═══ EXTRACTED DATA

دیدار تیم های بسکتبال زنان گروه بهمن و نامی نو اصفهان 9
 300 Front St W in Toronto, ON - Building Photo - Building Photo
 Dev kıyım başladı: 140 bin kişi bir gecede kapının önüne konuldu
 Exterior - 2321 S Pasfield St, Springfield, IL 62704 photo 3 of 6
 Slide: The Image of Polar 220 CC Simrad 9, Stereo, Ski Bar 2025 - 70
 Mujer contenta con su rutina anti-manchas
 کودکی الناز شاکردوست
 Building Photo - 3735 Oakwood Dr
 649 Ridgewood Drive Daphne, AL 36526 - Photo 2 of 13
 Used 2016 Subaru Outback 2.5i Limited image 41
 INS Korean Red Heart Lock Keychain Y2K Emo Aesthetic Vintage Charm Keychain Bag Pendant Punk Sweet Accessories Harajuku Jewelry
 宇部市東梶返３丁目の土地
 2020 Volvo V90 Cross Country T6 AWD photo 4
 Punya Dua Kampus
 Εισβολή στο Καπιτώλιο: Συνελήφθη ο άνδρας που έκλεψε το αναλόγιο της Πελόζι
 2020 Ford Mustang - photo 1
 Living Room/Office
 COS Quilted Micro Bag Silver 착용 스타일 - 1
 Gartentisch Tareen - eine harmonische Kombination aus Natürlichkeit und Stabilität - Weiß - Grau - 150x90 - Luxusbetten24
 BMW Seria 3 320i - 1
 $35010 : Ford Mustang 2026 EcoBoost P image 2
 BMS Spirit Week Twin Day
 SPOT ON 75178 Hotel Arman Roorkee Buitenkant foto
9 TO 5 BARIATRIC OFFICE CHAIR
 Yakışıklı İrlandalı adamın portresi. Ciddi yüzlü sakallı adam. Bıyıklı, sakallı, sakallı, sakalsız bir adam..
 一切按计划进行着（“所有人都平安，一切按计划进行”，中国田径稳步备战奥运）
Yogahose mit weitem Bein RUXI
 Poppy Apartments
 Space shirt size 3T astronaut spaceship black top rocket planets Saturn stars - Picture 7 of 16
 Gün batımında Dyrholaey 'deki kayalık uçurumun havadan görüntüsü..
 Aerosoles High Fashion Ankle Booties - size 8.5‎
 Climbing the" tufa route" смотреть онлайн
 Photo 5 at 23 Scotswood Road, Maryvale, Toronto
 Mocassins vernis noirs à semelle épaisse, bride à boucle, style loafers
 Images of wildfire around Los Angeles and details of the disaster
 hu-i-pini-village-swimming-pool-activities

══════

Go through the records above and return each line in which the word "Mustang" occurs.

§ THE ANSWER
 2020 Ford Mustang - photo 1
 $35010 : Ford Mustang 2026 EcoBoost P image 2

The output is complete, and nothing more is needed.